AIM OF THE EXERCISE:
Retype each line of the data below exactly, beginning with the first and ending with the one that contains "KY license plate 034JMP". Pictures do not belong in the copy.

Records from a data collection:
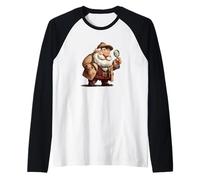 Bonito Disfraz de Santa Claus con Lupa para Detectives Camiseta Manga Raglan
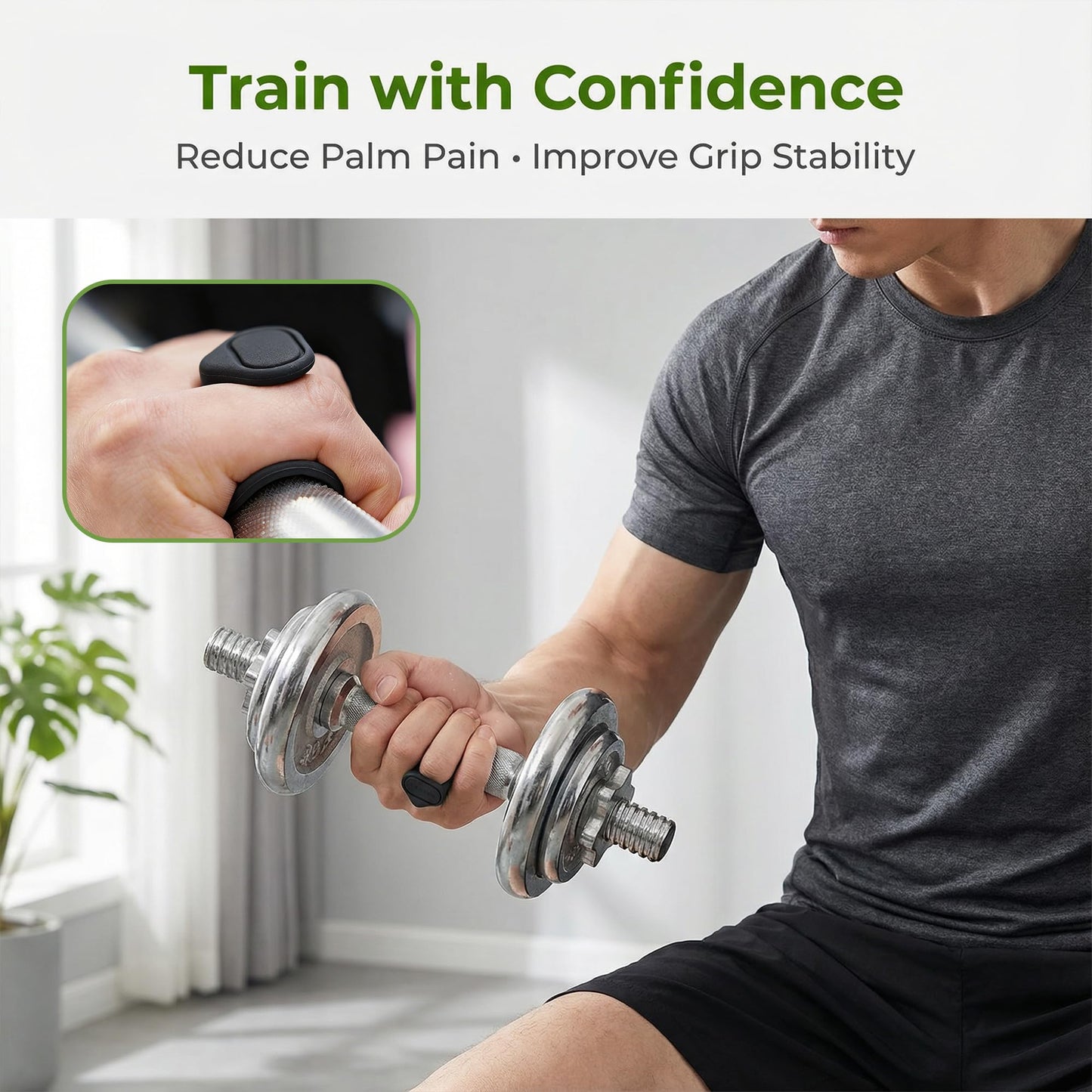 Li&Zhao Workout Grips - Anti-Slip Ergonomic Silicone Lifting Grips with Gym Grips Anti-Slip Technology, 4-Piece Gym Hand Protector for Weight Lifting, Pull-Ups, Gloves for Women and Men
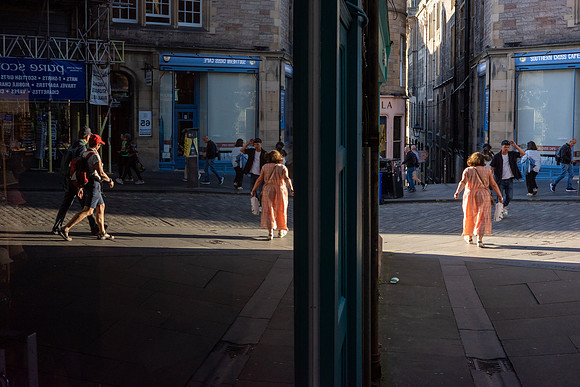 Woman in Peach, Doubled in Light, Edinburgh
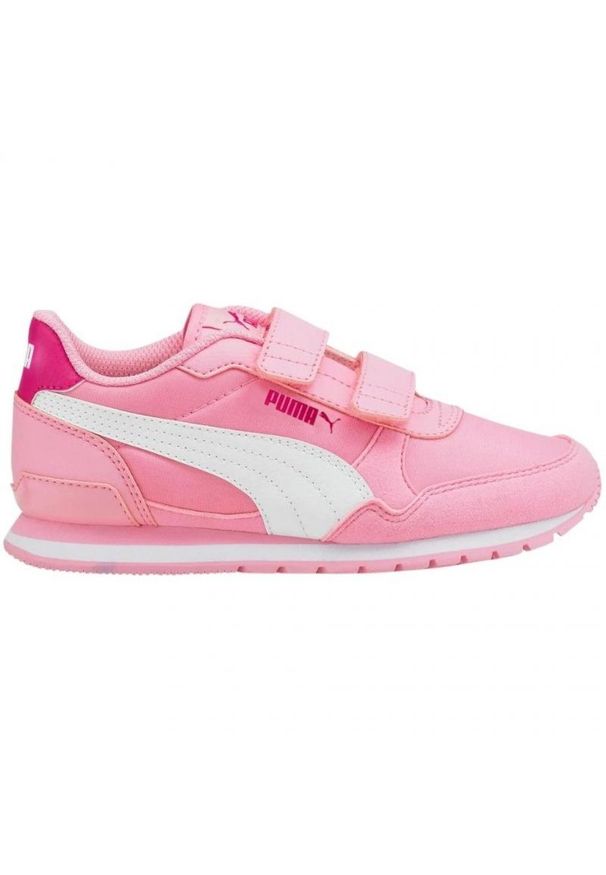 Buty Puma St Runner v3 Nl V Ps Jr 384902 03 różowe. Okazja: na co dzień. Zapięcie: rzepy. Kolor: różowy. Materiał: syntetyk, zamsz, guma. Szerokość cholewki: normalna
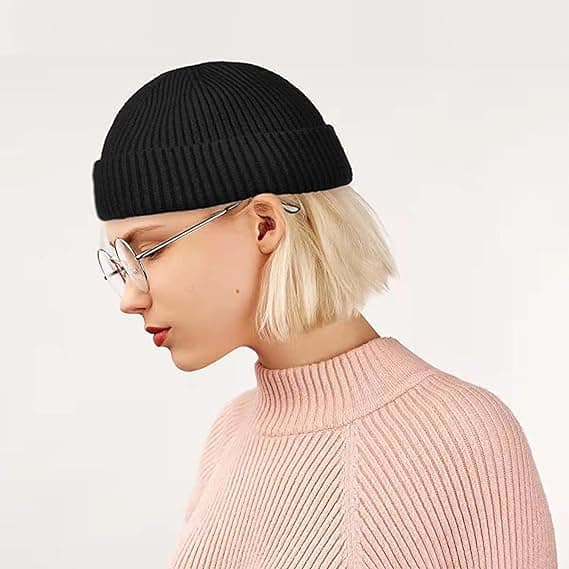 (Musta) Miesten, Hat Baseball Cap Trawler Hat Watch Cap Cuffed Skull H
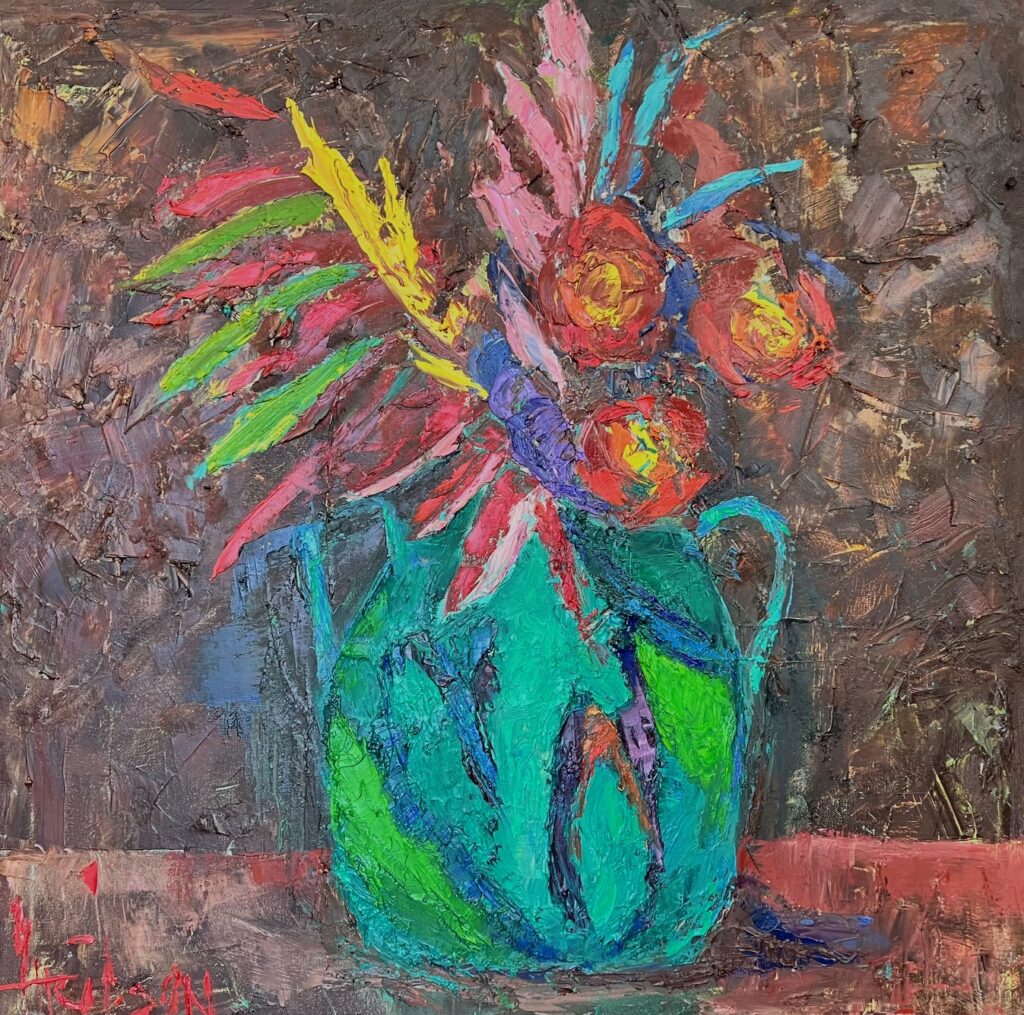 Oil painting of roses in a vase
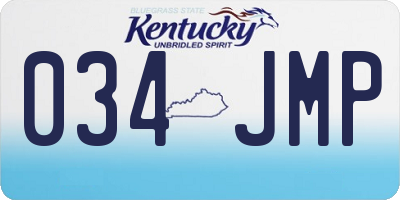 KY license plate 034JMP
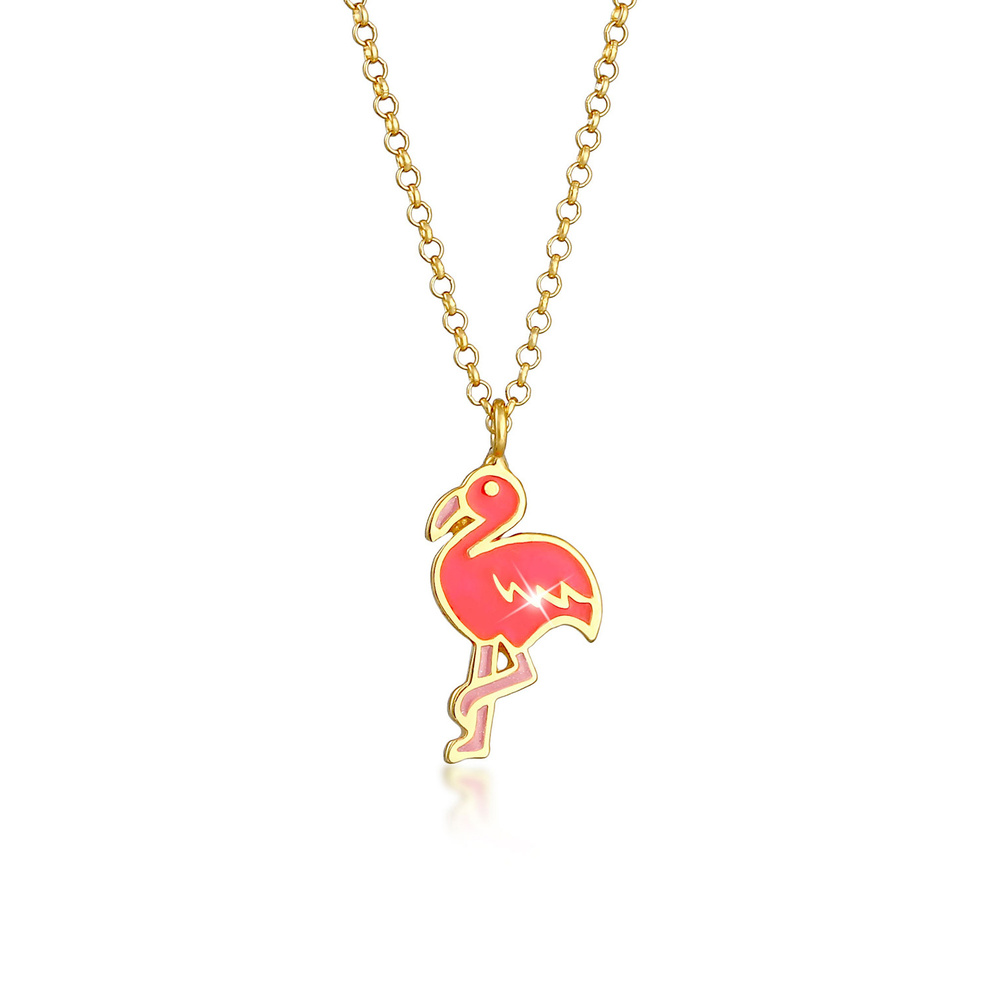 Elli Elli Collier Pendentif Flamant d'été coloré avec émail en argent sterling 925 pla collier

TASK OUTPUT:
 Bonito Disfraz de Santa Claus con Lupa para Detectives Camiseta Manga Raglan
 Li&Zhao Workout Grips - Anti-Slip Ergonomic Silicone Lifting Grips with Gym Grips Anti-Slip Technology, 4-Piece Gym Hand Protector for Weight Lifting, Pull-Ups, Gloves for Women and Men
 Woman in Peach, Doubled in Light, Edinburgh
 Buty Puma St Runner v3 Nl V Ps Jr 384902 03 różowe. Okazja: na co dzień. Zapięcie: rzepy. Kolor: różowy. Materiał: syntetyk, zamsz, guma. Szerokość cholewki: normalna
 (Musta) Miesten, Hat Baseball Cap Trawler Hat Watch Cap Cuffed Skull H
 Oil painting of roses in a vase
 KY license plate 034JMP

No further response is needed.